梁稷抬眸,毫不避讳地与之对视。

    良久,高淙先收回了视线,也转过头与梁忠说起话来。

    梁稷安坐在一旁,静静地听他们说话,却不参与进去。

    二位皇子对梁忠心怀敬重除了曾为师生,还有一个极为重要的原因——梁忠虽官居太尉,但并不贪恋权势,多年为官耿直清廉,再加上多年相识,其在寿光帝面前影响极大,但凡事关朝堂政事无法抉择之时,寿光帝都会召其前去商议。

    若能获得梁忠的支持,无疑是多了一种保障。

    只是梁忠做事素来公正,面对二位皇子时态度也并无明显差别,不管二位皇子明里暗里地采取过多少动作,他始终只对事不对人,没有显现出丝毫的偏颇。

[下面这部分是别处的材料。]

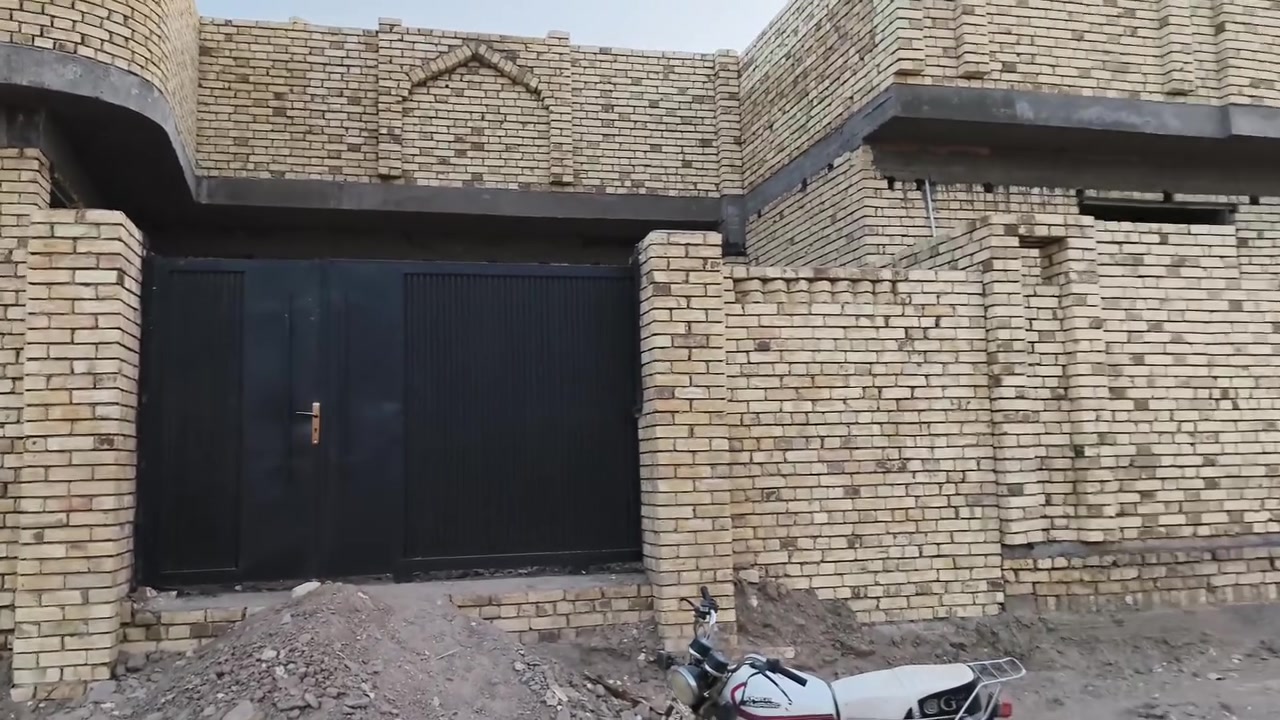 بيت زراعي للبيع  هيكل حي الجمعيه مساحت البيت ٢٢٠ شارع ١٠امتار يحتوي لبيت
غرف عداد ٢  ٦×٤
مطبخ ٦×٤
صاله ١١×٤وربع 
ستقبال ٨×٤
صحيات داخل و خارج +كراج 
لهيكل نقصه بس دواخل فقط لستفسار 
***********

    前世直到最后,梁稷都没发现在二位皇子之中他爹更倾向哪一个。

    白日里大朝会折腾了太长时间,梁忠到底年岁长了一些,聊了一会面上就出现了疲乏之意。高淙朝着他面上看了一眼,立刻起身告辞。

    高淳有所察觉,眼看着高淙离开后,主动送梁忠回房间休息。

    梁稷在厅中稍坐了片刻,高淳果然又转了回来。他看了一眼梁稷优哉游哉的样子,微微笑了笑:“今日宴席见你早就走了,怎么回来的这么迟?”

    梁稷伸手给高淳倒了茶,才回道:“宿卫里有些事情要处理,没想到会耽搁这么久,也没想到今日二位殿下会一同过来。”

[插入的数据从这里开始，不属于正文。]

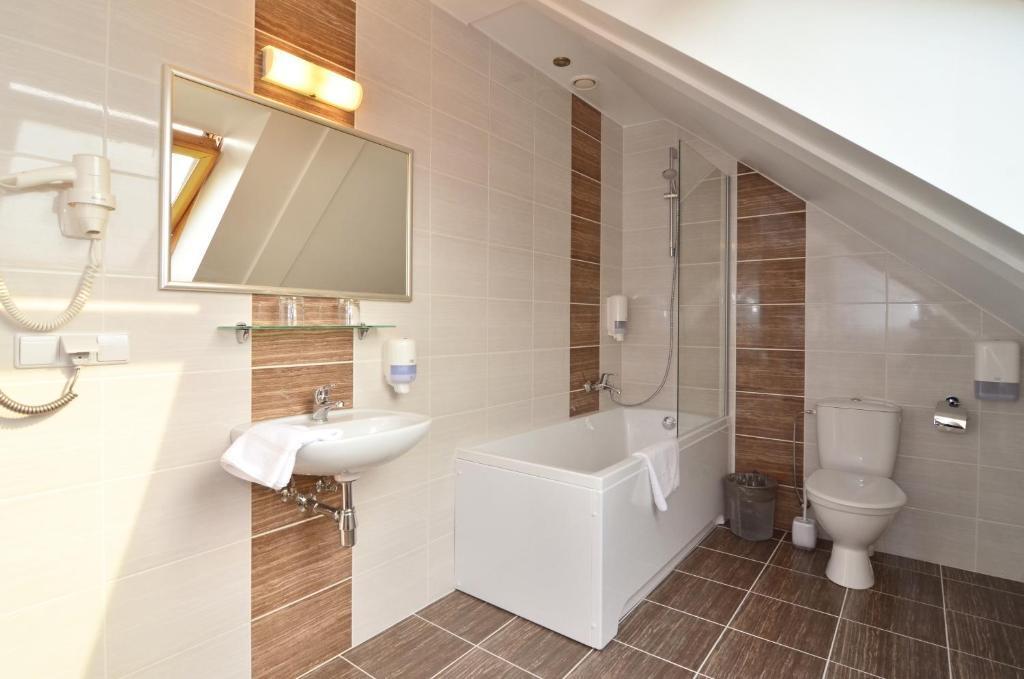 hotel image 11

    高淳眨了眨眼:“皇兄以前都不愿与我同行,今日不知因何,我从宫中出来直接到太尉府,竟也瞧见了他。”

    说到这儿他笑了起来:“皇兄这以后倒是比之前勤勉的多,父皇应该高兴的很。”

    他的语气诚恳,让人听不出一丝深意,梁稷还是忍不住抬头朝他面上看了一眼。

    高淙性情是有几分散漫,对待朝堂政事的时候远不如高淳那般认真,不过那是之前,近两年高淳的呼声渐高,高淙感觉到威胁,倒是比以前更用心了些。

    不过若是仅如此,还远远不够。

    梁稷想起前世的事情,不禁皱起眉头,望向高淳的目光也更深了。

    高淳一口茶喝完,对上梁稷的视线,突然拍掌:“瞧见你才想起来。”说着回头朝着身后的随侍看了一眼,那随侍立刻会意,匆匆忙忙出门,过了一会再回来,手里捧着件披风。

    梁稷朝着那披风随意看了一眼,顿时愣住:“这披风……”

    “是不是眼熟的很?”高淳笑了起来,“怪不得总见你只穿一件棉袍,也不知道你是何时养成了丢三落四的毛病,要不是荣焉恰好拾到,只怕这件披风也跟你先前的那件一样,找不见了。”

    梁稷看着高淳的眼睛,笑了笑:“先前急着回宿卫府,忘了还有这么个玩意。”他从随侍手里接过披风,手指轻轻地拂过上面的纹路,“若是再丢了还真是没办法跟我娘交待了。”

    他说着话,抬起头望向高淳,不经意道:“没想到经过今日,殿下与那小质子还是十分亲近。”

    高淳先是一愣,而后朝着身后的随侍挥了挥手,示意他下去后,才道:“你是说他答应皇兄求娶皇妹一事?从他的角度来说,这的确是一件利好的事情,于我……虽然皇兄极力想要促成此事自有他的打算,但于我来说,未必就是一件坏事。”

    说到这儿,他突然顿住,略带歉意地朝着梁稷笑了一下:“抱歉,容之,我知道你并不喜这些。其实我也不是非要争那……只是事情到了今日,已经容不得我去选择,就算我想要收手退出,皇兄跟母后也不会相信,我一步一步走到今日,早就没了退路,我其实只是想要给自己争一条活路而已。”

    梁稷沉默地看着高淳,并没有答话。

    前世的时候他虽与高淳交好,但也只是私交。梁家家教在身,他做事素来严苛而公正,并不喜这些蝇营狗苟的手段。高淳知他习性,也从不会在他面前提及这些,作为尊重与信任,他也从不会过问高淳这些事情。

    虽不赞成,但作为朋友,他能够理解高淳身在皇家,对于高位的觊觎,若高淳的确更优于高淙,从江山社稷的角度来说,太子之位易人也是理所应当,前提是这一切争斗都是光明正大的。

    那时梁稷还不明白,关于皇位的争夺,从来就没有光明正大一说。天家无情,一旦争斗开始,就注定要你死我亡。

    只是前一世的荣焉是无辜的,他并不该被卷进这场争斗之中。

    这一世的荣焉或许不再无辜,但在梁稷心里,他也不该被卷进这场争斗之中。

    梁稷把手里的披风随手放在一边,端起自己的茶盏喝了一口,再望向高淳的时候,眼里多了一点不一样的情绪:“我能理解殿下。”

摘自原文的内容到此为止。